* Required work
Only the lines from the one containing "123-christie-place-greenstone-ontario-x13244090" through the last line below belong in your copy; transcribe them exactly and omit any pictures.
___ Information supplied
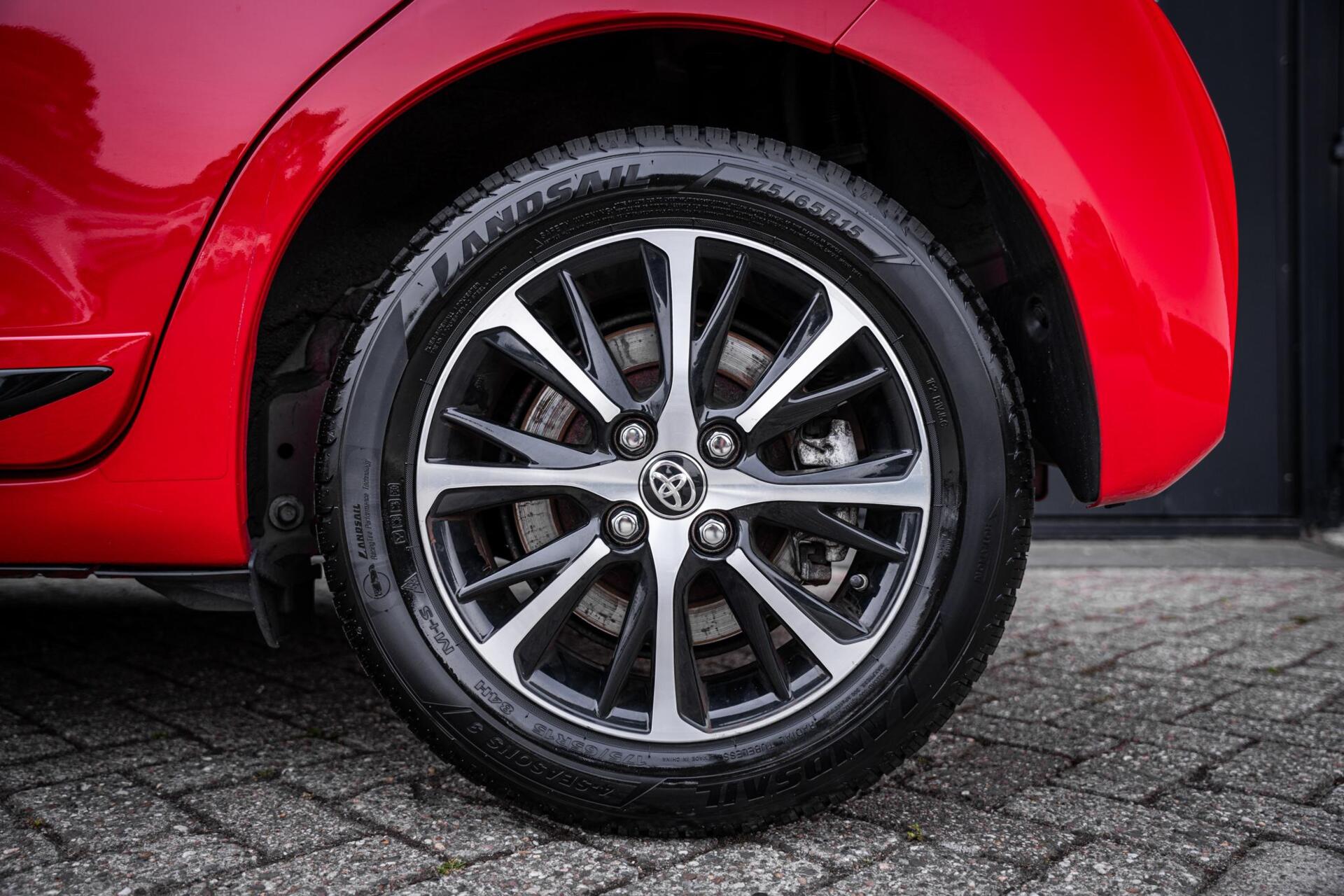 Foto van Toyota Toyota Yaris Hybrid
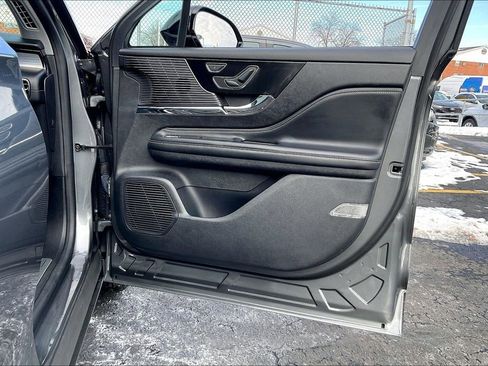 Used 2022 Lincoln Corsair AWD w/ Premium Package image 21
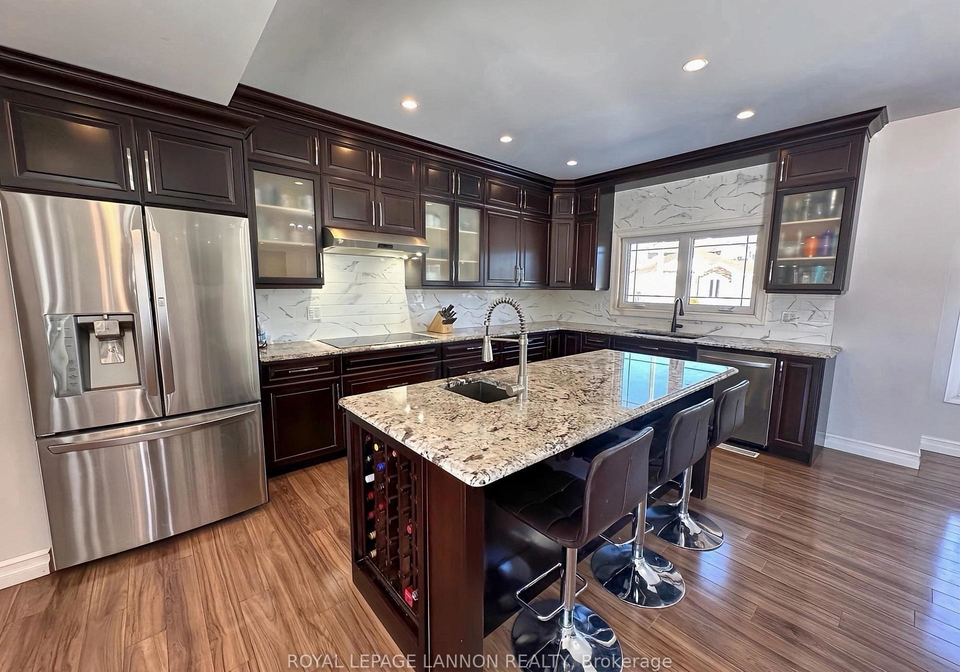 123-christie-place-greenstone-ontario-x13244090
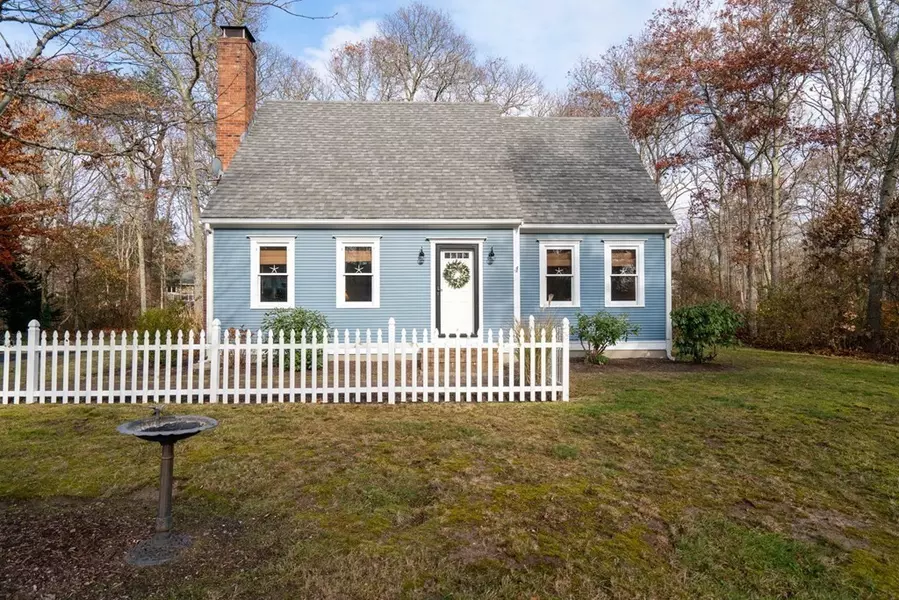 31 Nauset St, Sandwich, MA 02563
______
* Exercise response
 123-christie-place-greenstone-ontario-x13244090
 31 Nauset St, Sandwich, MA 02563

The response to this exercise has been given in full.